Naturally, the discussion turned to China and whether its priority on peace and stability over denuclearization has changed. One Chinese speaker asserted that, in his personal view, it has, following North Korea’s decision to conduct a nuclear test and satellite launch soon after Xi came to power. China has refused a summit and has more strictly enforced economic sanctions. Yet, the impression was left that there is still uncertainty over China’s priority, and this depends on US and South Korean policies as well as on whether the North conducts new nuclear or missile tests. Since few in China see the prospect of collapse even in the medium future, their concern is mostly about the danger of military conflict, which could lead to a Sino-US conflict. In seeking to prevent conflict, Chinese express concern about what the US side calls deterrence, e.g., joint ROK-US military exercises. Worried about the high risk of waiting to resolve the issue, they call for the immediate resumption of the Six-Party Talks, perhaps with the one precondition that the North accept the September 19, 2005 Joint Statement, as one report suggested that it had recently done in Singapore. In response, the US side insisted on other preconditions: a halt to its operating reactor and to the spinning of centrifuges. Talks for the sake of talks are not credible if it is continuing to add to its nuclear arsenal. Indeed, they would serve the goal of legitimizing its nuclear program, i.e. they are worse than no talks.

While some urged China to pay more heed to joint crisis management, preparing for worst-case scenarios, others asked it to boost sanctions to both stop subsidizing the North and show that it is serious about denuclearization. As opposed to the view that the priority is to demonstrate to North Korea that there is no hostile external environment, the US side argued that it has shown pragmatism and found in the Leap Day agreement that the North is uninterested in halting the declared elements of its nuclear program. Should some common ground be found, leading to a freeze in the Yongbyon reactor with inspectors, North Korea would keep building nuclear weapons through centrifuges. Thus, a correct declaration of clandestine enrichment facilities with verification is more important. Chinese do not discuss this, raising doubts about how much consensus there is on how to proceed apart from five states insisting that they support denuclearization and peace. The discussion clarified the US position that denuclearization is not a precondition to talks and left vague the Chinese position about their objectives once talks were resumed. Japanese input was cognizant of the sharp differences among five states facing the North and the South Korean views were close to the US ones, but expressed greater urgency.

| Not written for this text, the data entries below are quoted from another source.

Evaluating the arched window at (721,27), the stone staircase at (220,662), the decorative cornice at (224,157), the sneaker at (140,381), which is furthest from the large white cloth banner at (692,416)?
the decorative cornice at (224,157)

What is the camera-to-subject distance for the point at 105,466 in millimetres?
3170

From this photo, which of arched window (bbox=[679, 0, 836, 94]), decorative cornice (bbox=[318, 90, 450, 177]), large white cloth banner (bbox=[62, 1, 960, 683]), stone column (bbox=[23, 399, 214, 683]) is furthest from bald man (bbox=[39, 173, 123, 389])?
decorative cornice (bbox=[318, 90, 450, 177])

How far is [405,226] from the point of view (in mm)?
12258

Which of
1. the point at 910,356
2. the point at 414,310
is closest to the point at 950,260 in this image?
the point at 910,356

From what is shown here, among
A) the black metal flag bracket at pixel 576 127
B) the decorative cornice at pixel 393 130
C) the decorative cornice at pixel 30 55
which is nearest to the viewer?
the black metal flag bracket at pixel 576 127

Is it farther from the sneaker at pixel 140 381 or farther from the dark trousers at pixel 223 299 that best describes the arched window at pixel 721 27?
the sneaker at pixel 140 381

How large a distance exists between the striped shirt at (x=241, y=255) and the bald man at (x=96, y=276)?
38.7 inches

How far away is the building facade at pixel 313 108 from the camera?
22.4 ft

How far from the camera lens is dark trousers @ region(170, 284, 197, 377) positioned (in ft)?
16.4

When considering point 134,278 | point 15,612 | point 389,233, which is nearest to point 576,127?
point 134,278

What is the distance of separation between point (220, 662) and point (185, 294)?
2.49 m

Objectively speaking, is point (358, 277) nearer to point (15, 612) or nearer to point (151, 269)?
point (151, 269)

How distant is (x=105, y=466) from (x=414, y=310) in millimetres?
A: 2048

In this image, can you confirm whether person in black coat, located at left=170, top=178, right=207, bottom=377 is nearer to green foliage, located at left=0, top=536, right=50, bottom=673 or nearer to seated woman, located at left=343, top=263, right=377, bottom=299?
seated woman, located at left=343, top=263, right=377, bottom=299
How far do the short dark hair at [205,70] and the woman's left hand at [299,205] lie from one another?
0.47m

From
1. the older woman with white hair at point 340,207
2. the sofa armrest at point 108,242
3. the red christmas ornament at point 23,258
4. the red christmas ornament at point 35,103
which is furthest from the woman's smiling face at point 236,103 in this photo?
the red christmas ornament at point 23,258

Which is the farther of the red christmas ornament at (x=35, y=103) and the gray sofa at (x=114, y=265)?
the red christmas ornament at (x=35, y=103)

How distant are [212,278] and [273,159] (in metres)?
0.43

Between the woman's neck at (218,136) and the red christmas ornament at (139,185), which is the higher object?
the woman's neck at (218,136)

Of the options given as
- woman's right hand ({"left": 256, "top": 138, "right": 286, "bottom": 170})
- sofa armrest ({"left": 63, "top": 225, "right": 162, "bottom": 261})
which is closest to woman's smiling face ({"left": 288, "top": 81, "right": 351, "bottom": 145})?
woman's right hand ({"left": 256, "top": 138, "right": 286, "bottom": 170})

Sino-Japanese Relations after the November 2014 Summit: Are They Advancing?
After two years of deeply troubled relations, China and Japan not only conducted a brief summit in Beijing in November but followed it with a short summit in Jakarta just a week before the Asan Plenum and Abe’s state visit to the United States. Views from many countries were heard about the state of Sino-Japanese relations, against the background of Chinese press coverage of the US welcome to Abe as “blind trust in a recidivist troublemaker.” A Chinese speaker pointed to the bright side: channels are open between the two governments, Chinese public opinion is less anti-Japan, and Chinese visitors have been going to Japan in droves—notably during the recent Spring Festival. Yet, he doubted that ties would improve much in the near term, as a result of Abe’s lack of respect for history and also due to his advocacy of the “China threat” theory, as seen during his earlier time as prime minister when the idea of an “arc of freedom and democracy” {prosperity} was advocated. He further explained that the new defense guidelines target China and jeopardize its interests, i. e., the alliance is undermining peace and stability in the Asia-Pacific region, as Washington uses Tokyo as its proxy. Japan must strictly follow the four joint statements it signed with China, which, he contends, it is not doing in its claim to the East China Sea islands and its approach to history. Thus, it is violating the post-WWII order and the normalization understandings that transformed that order in Japan’s ties to Asia.

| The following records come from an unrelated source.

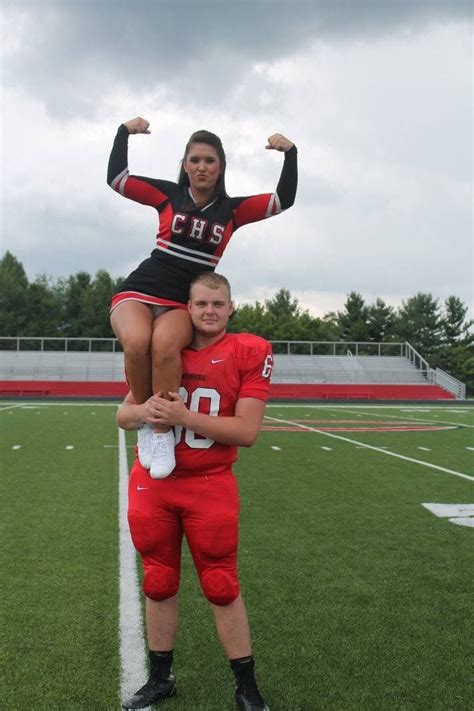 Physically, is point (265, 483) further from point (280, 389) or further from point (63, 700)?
point (280, 389)

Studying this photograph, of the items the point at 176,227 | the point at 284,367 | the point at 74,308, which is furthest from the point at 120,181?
the point at 74,308

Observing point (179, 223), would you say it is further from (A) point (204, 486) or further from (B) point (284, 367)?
(B) point (284, 367)

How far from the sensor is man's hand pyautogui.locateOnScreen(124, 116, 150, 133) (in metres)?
3.52

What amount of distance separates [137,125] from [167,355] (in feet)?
4.17

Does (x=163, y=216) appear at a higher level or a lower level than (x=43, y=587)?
higher

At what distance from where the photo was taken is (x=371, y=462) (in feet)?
35.2

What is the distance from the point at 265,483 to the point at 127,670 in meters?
5.46

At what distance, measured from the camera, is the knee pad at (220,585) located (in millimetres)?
2842

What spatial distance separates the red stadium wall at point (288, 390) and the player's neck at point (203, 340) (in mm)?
32811

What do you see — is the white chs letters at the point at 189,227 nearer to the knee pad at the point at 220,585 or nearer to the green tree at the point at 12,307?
the knee pad at the point at 220,585

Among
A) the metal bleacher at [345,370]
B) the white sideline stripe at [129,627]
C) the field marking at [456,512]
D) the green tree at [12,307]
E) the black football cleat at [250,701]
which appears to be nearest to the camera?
the black football cleat at [250,701]

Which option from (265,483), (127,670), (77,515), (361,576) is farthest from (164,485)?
(265,483)

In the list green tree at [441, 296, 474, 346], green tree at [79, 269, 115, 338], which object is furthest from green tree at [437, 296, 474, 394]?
green tree at [79, 269, 115, 338]

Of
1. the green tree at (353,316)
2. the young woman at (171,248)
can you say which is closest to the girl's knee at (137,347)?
the young woman at (171,248) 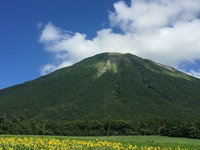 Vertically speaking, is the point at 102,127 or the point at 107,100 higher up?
the point at 107,100

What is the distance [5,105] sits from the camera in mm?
157500

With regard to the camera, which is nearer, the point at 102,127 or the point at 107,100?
the point at 102,127

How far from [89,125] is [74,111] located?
198ft

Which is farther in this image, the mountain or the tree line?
the mountain

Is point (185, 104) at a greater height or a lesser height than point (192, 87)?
lesser

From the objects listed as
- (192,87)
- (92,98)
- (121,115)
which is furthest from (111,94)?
(192,87)

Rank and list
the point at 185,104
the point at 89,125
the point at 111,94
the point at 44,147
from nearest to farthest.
A: the point at 44,147, the point at 89,125, the point at 185,104, the point at 111,94

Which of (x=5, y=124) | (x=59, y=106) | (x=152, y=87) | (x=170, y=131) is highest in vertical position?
(x=152, y=87)

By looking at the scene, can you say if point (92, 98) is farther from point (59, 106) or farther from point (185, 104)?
point (185, 104)

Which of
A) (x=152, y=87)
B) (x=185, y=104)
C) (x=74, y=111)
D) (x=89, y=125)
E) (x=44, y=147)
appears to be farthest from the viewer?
(x=152, y=87)

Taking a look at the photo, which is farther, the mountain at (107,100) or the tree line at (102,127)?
the mountain at (107,100)

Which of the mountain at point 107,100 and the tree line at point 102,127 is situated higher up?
the mountain at point 107,100

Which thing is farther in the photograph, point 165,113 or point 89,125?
point 165,113

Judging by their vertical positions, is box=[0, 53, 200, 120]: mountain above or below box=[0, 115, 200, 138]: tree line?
above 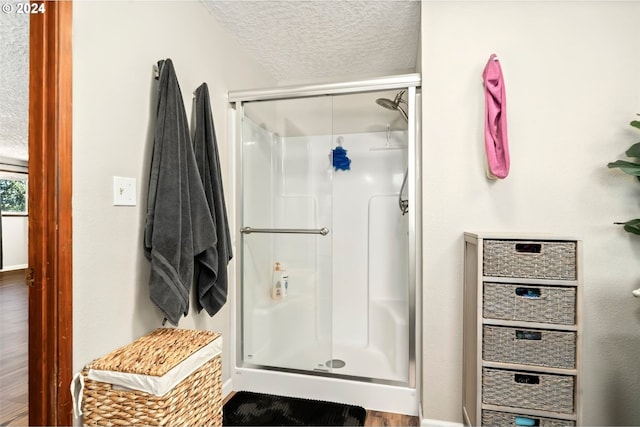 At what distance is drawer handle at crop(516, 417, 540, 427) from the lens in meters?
1.43

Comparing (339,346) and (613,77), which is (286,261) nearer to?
(339,346)

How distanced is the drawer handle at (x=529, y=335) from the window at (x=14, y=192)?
210 cm

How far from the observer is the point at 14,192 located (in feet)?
4.47

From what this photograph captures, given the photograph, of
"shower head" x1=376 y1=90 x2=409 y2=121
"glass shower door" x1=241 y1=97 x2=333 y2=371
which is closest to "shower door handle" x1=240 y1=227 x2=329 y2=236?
"glass shower door" x1=241 y1=97 x2=333 y2=371

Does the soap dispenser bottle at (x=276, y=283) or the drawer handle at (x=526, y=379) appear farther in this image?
the soap dispenser bottle at (x=276, y=283)

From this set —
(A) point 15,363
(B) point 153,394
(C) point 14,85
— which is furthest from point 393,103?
(A) point 15,363

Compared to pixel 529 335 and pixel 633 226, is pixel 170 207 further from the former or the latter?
pixel 633 226

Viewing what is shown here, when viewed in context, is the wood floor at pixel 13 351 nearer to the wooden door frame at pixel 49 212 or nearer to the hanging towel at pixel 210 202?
the wooden door frame at pixel 49 212

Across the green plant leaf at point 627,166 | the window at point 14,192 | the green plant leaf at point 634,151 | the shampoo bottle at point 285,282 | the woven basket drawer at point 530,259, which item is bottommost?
the shampoo bottle at point 285,282

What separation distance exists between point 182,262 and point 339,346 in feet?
5.79

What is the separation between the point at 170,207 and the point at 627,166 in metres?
2.00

An American analysis attempted to explain why China had changed course in its dealings with Japan from late 2014. The fact that Xi met with Abe a second time makes clear that it was not because he needed the image of a good host at the APEC summit. Indeed, Xi is quoted as having said that relations have improved somewhat, as contacts at many levels have intensified. This suggests that China has recognized that its past approach was counterproductive: arousing Japanese public hostility; reducing Japanese investments at a critical time for a slowing Chinese economy; and hardening Japanese security policies as well as complicating China’s diplomacy due to Japan’s more active engagement in Southeast Asia and Obama’s negative view of China’s approach. No Chinese goal was realized, listeners were told, and US support for Japan, another speaker asserted, was critical to China abandoning its isolation strategy towards Japan. Such unvarnished praise of Obama’s diplomacy, especially its successful avoidance of entanglement with Japan and alienation of China through moves encouraging the two to turn to each other, is not often heard these days.

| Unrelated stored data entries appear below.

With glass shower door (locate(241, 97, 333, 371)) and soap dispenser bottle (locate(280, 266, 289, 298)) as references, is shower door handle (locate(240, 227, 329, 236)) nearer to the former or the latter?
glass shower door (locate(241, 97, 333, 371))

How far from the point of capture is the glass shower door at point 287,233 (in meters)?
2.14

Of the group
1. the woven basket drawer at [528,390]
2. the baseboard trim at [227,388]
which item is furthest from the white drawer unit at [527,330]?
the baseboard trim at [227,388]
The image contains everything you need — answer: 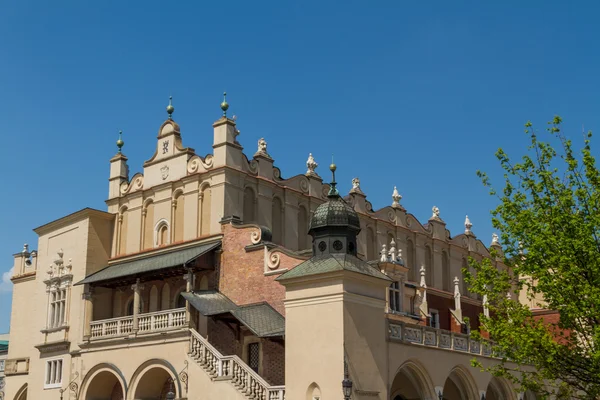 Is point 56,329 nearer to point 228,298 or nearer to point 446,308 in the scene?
point 228,298

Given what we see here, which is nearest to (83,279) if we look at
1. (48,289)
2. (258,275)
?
(48,289)

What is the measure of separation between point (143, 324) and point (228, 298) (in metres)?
3.76

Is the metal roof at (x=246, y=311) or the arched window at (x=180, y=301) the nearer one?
the metal roof at (x=246, y=311)

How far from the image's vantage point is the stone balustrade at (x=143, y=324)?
3506 cm

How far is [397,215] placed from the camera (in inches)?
1998

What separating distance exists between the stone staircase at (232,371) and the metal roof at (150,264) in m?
4.01

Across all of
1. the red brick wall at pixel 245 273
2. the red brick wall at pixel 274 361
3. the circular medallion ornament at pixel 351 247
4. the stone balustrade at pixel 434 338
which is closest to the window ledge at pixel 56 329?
the red brick wall at pixel 245 273

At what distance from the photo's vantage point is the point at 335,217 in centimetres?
3097

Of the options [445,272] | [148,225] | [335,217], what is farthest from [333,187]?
[445,272]

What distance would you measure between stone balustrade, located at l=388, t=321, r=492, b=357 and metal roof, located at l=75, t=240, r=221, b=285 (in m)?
9.36

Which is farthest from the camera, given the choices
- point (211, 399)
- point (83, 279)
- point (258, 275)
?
point (83, 279)

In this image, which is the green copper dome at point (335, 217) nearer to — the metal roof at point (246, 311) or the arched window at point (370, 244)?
the metal roof at point (246, 311)

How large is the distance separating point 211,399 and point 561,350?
1260 cm

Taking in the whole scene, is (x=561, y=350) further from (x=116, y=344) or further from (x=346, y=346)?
(x=116, y=344)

While South Koreans have spent much of the past year anticipating some sort of reunification, as if it finally is within reach, Americans and other South Koreans are spending more time preparing for more serious challenges from North Korea, such as “cyberwar.” It was made clear that this actually falls short of war, but, as seen in the recent Sony incident, it is easy to use and may trigger retaliation without any likelihood of escalating conflict with the potential for outright war. The deterrence that stood in the way of the use of the “last big weapon,” nuclear arms, is unlikely to work with cyber weapons, which are hard to attribute. Given Sino-US inability to agree on the ground rules for cyber-attacks, it is doubtful that they will cooperate in responding to such attacks from North Korea. It was said that since both the United States and South Korea welcome the spread of the Internet in North Korea, steps to block it in retaliation for an attack are not favored. Yet, there is more talk of a cyber-strategy, stepping up deterrence, cognizant of the serious vulnerability of both the US and South Korean information-based networks, compared to North Korea.

Chinese comments on cyber-attacks were interpreted as one sign of the likelihood of increased security cooperation. Referring to the Snowden revelations about the way US surveillance is undertaken, China portrayed itself as a victim too. Acknowledging that a Sino-US cyber dialogue had begun and then been interrupted after the mid-2014 US indictment of PLA officers, a Chinese speaker gave the impression that even if they are restarted, agreement on cyber security norms is problematic. Meanwhile, China and Russia, listeners were told, are integrating cyber into hybrid warfare, as North Korea values it for asymmetric warfare. Given US insults to North Korea, one Chinese speaker argued that North Korea’s resort to cyber is a form of deterrence. He noted that China disagrees with the sharp line Washington is drawing between military spying as okay and commercial spying as not. If the goal is greater Sino-US coordination in dealing with North Korea and preparing for any sort of end game with it, then the effort to bridge the Sino-US divide on cyber security suggests that, at present, we are far away from reaching this goal. As the country most victimized by North Korean cyber-attacks, South Korea is aligned with the United States in the effort to deter them and seems no better able to find common ground with China.